• DATASET SECTION:
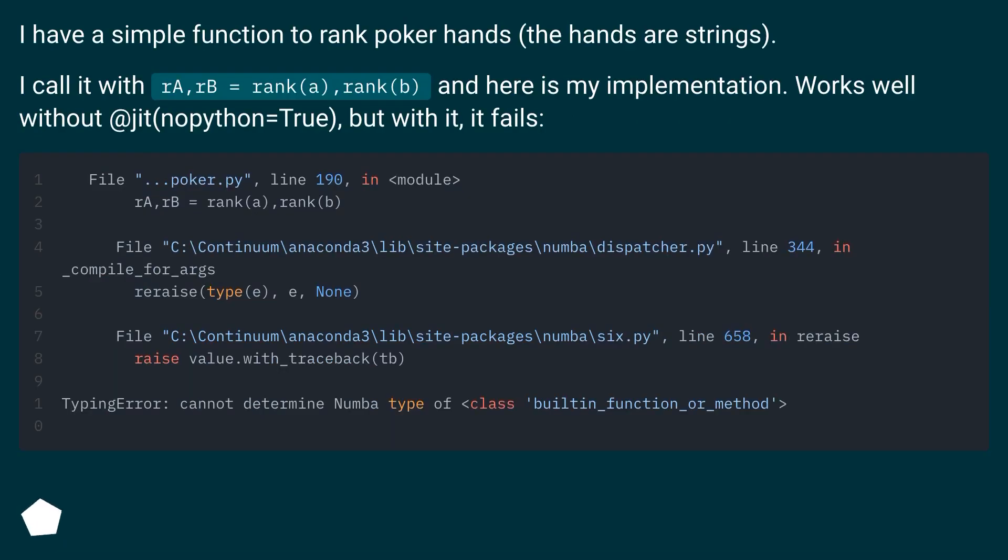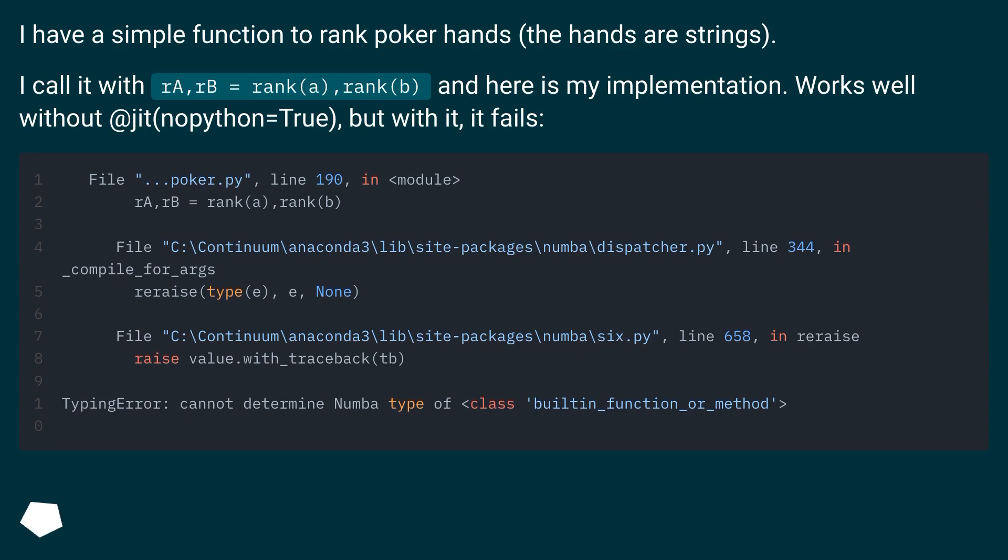I have a simple function to rank poker hands, the hands are strings. I call it with ra, eb equals rank a, rank b, and here is my implementation. Works well without it, jit nopython equals true, but with it, it fails.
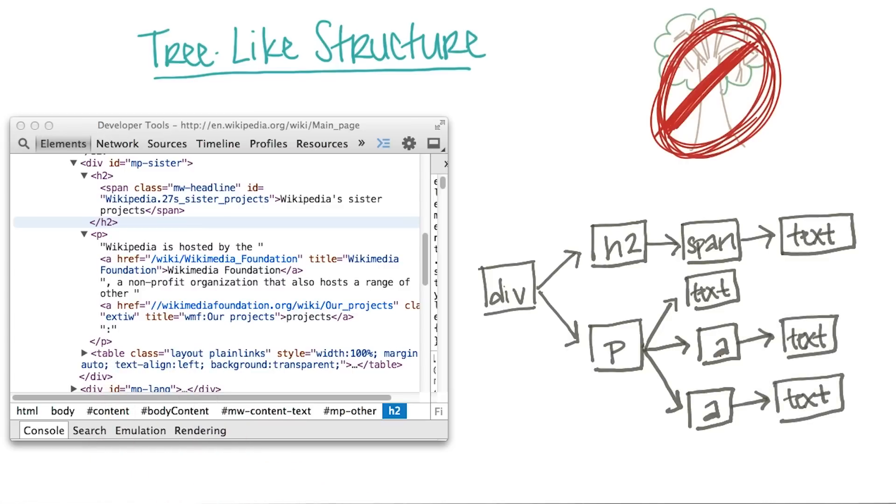And now it's time for you to explore the structure of a page on your own. Please follow the link we have provided in the instructor notes section below, and open Google's developer tools.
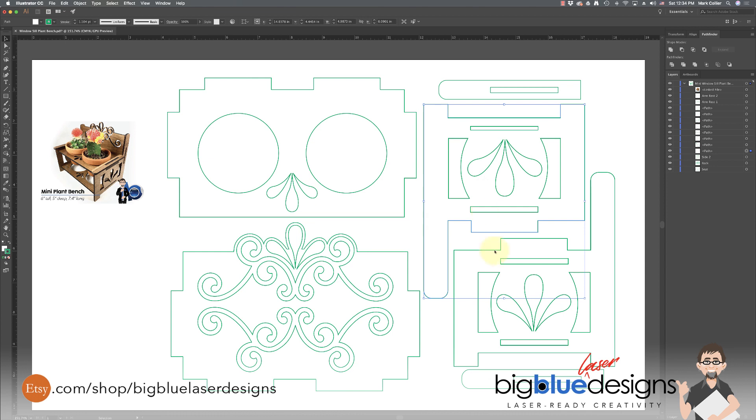And then you just go through and do that same thing with all these. Make sure you don't move them because where they are sitting is important for everything to line up. But all you have to do is change the height of those items and you are good to go.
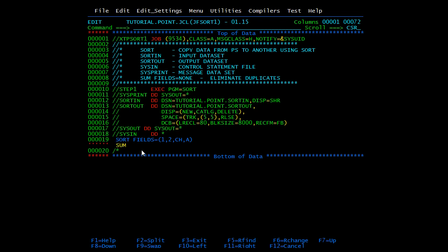Let's try this. SUM FIELDS equals NONE. Now the output file is already there, so we'll create some other file. We'll create OU1. Enter. In this file you will get only one record with 13. We'll submit this.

• TASK GOAL: An acceptable answer consists of the lines above from the one holding "And then you" to the end of the data, repeated exactly and containing no pictures.

• EXERCISE RESULT:
And then you just go through and do that same thing with all these. Make sure you don't move them because where they are sitting is important for everything to line up. But all you have to do is change the height of those items and you are good to go.
Let's try this. SUM FIELDS equals NONE. Now the output file is already there, so we'll create some other file. We'll create OU1. Enter. In this file you will get only one record with 13. We'll submit this.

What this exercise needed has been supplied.